Whilst I have no special affiliation with any particular organised religion and will happily consider any belief, I do especially enjoy researching the history of these things, trying to work out why particular messages are presented in these somewhat arcane ways. And I enjoy the search for truth and explanation that’s inherent in all religions or faiths, from Buddhism to Zoroastrianism. And good luck to anyone who has found that trust and belief in any one faith.
This may take a while to explain, so bear with me. About a year or so ago now I had a yarn (or rather I exchanged emails with) IBM’s then chief technologist Irving Wladawsky-Berger. The subject was our collective responsibility to manage the future as well as the present. (I work for IBM too, by the way, but not at Irving’s altitude, if you know what I mean. And these are of course my views, not necessarily IBM’s.) Now this exchange was along the lines of my previous post, but rather than just asking ‘how did we get here?’ I instead asked ‘what happens if we just innovate and release, ever quicker, and repeat ad infinitum?’. It was in part a technological conversation, where as a technologist Irving was keen to expand upon the benefits to humanity of – you guessed it – technology.

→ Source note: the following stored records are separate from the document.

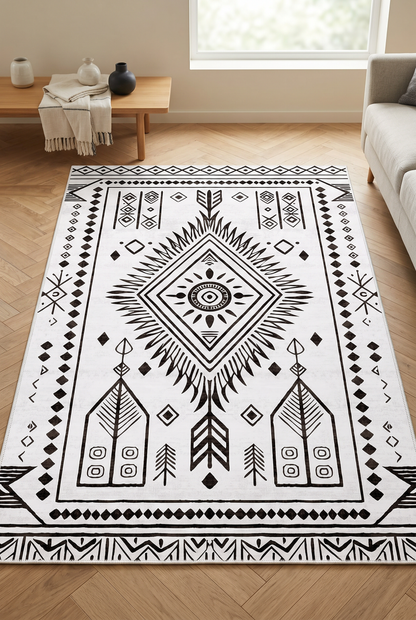 West Home Digital Print Washable Non-Slip Living Room, Kitchen and Hallway Rug - 654 White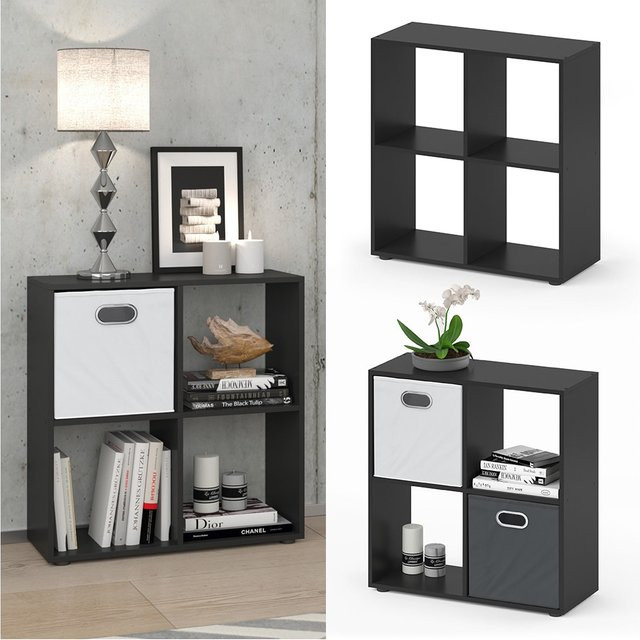 Vicco Raumteiler Tatra Regal mit 4 Fächern in Schwarz, B/H: 70 x 70 cm - Bild 1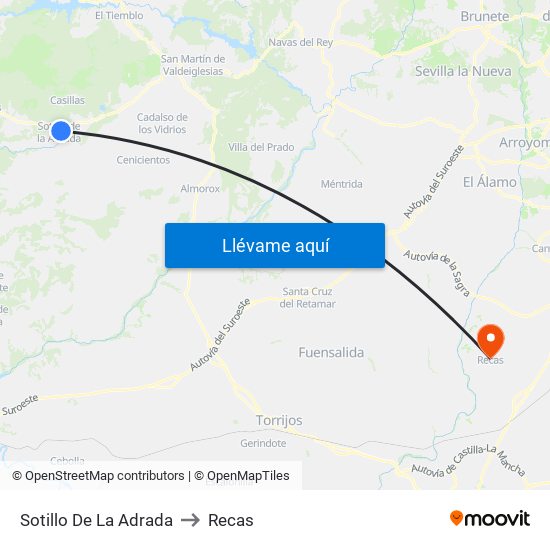 Sotillo De La Adrada to Recas map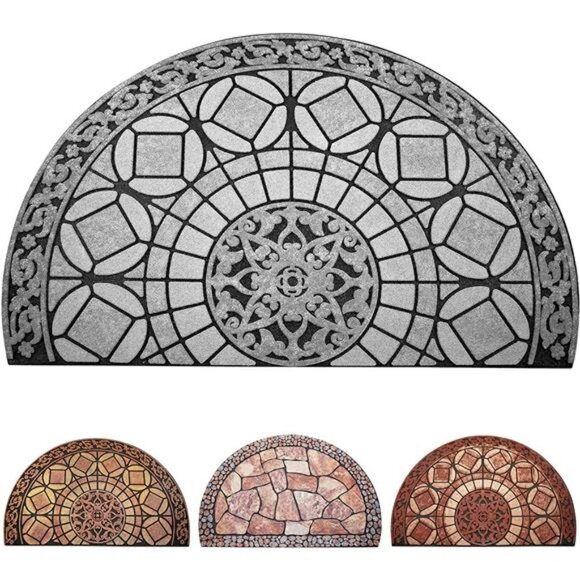 Half Round Door Mat for Outside Entry Rug Decorative Welcome Mat for Front Door - Picture 1 of 6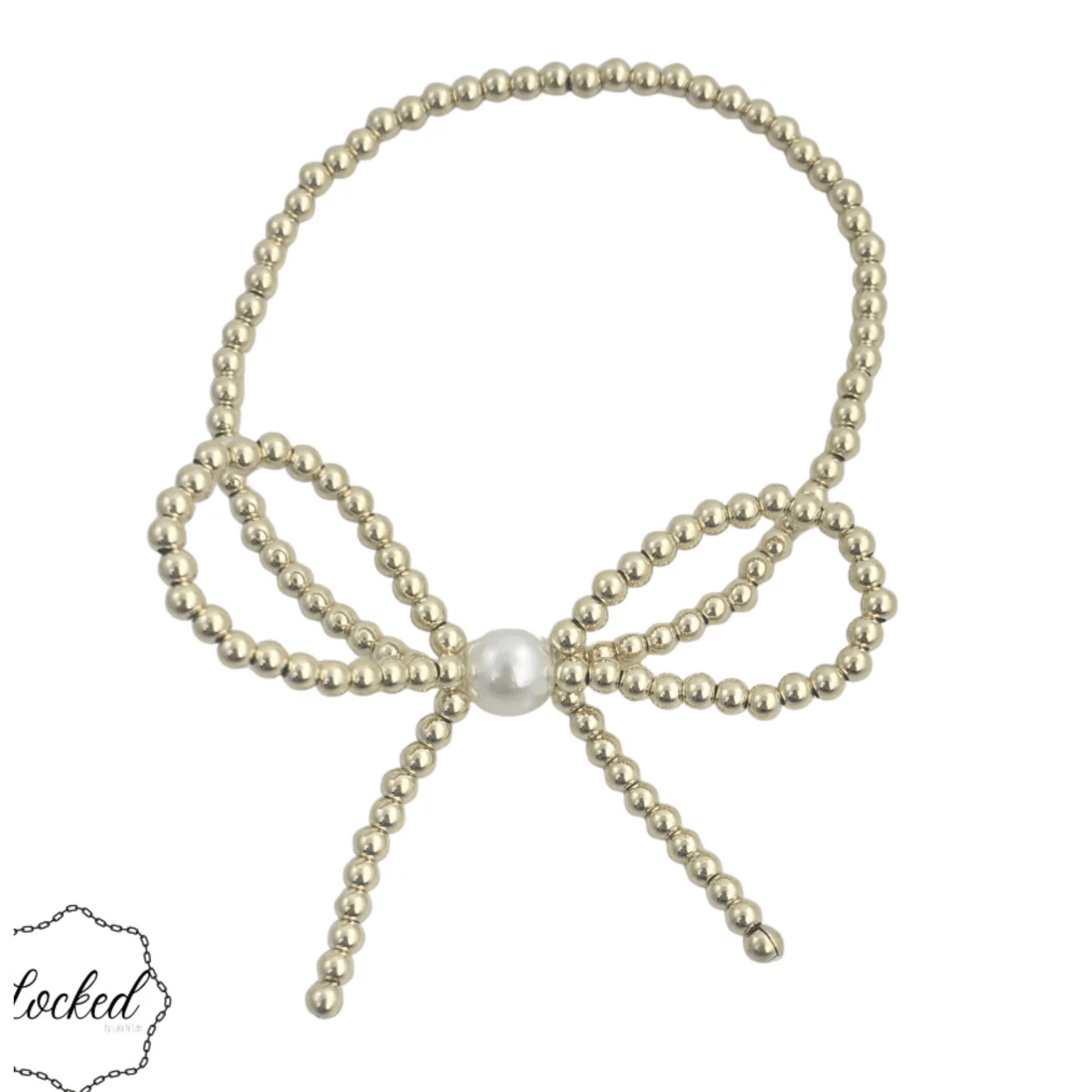 Gold Filled Bow Bracelet with Pearl Accent - White Farmhouse Flowers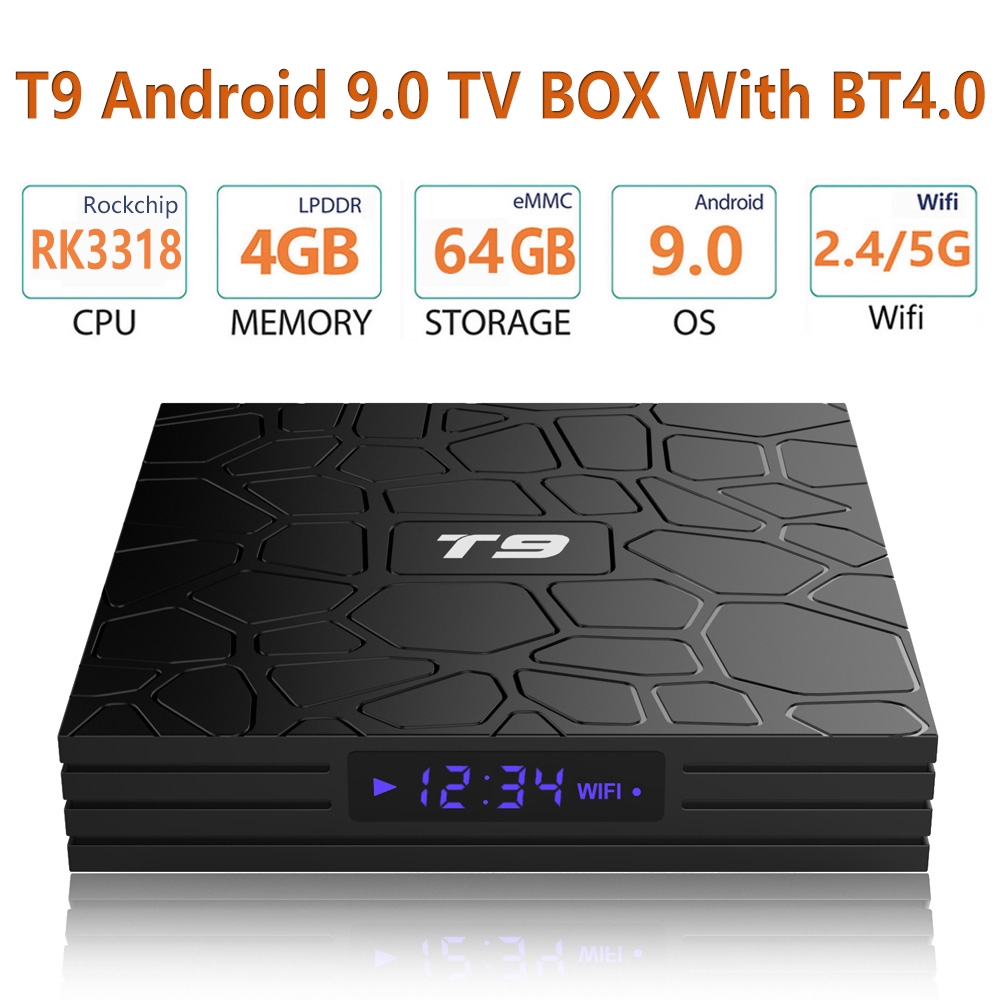 Đầu TV BOX Android 9.0 T9 4+64G Wifi Bluetooth 4.0 RK3318 kèm phụ kiện chất lượng cao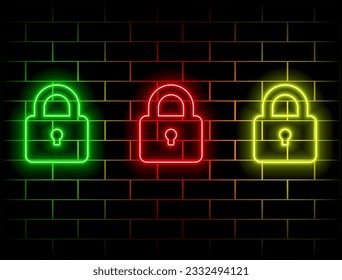 Block neon sign. Vector illustration for design website, advertising, promotion, banner. Security concept. many colors.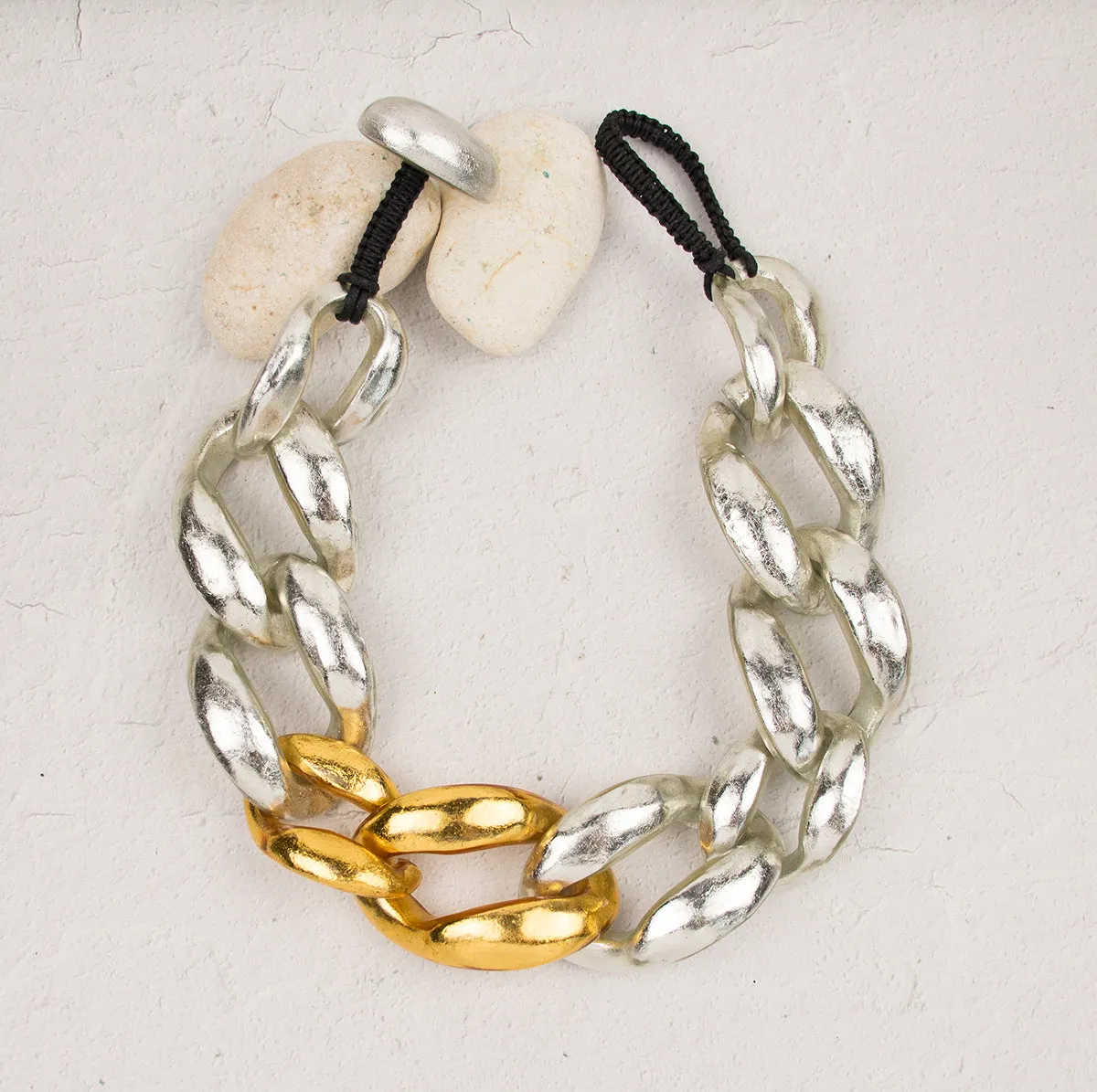 STATEMENT LINK NECKLACE.SILVER/GOLD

And of course I agree. Technological innovation is not just a special gift of humanity but a vital tool by which we meet the challenges and threats to our lives, such as to our food and water supplies and to our general comfort, security and wellbeing. To meet these challenges swiftly may very well be critical to resolving the issues we face and surviving as individuals (or even as a species). So we don’t want to hold things up unnecessarily. On that count both Irving and myself would probably agree (and I’ll stop speaking for him now – you can find Irving’s insightful blog here).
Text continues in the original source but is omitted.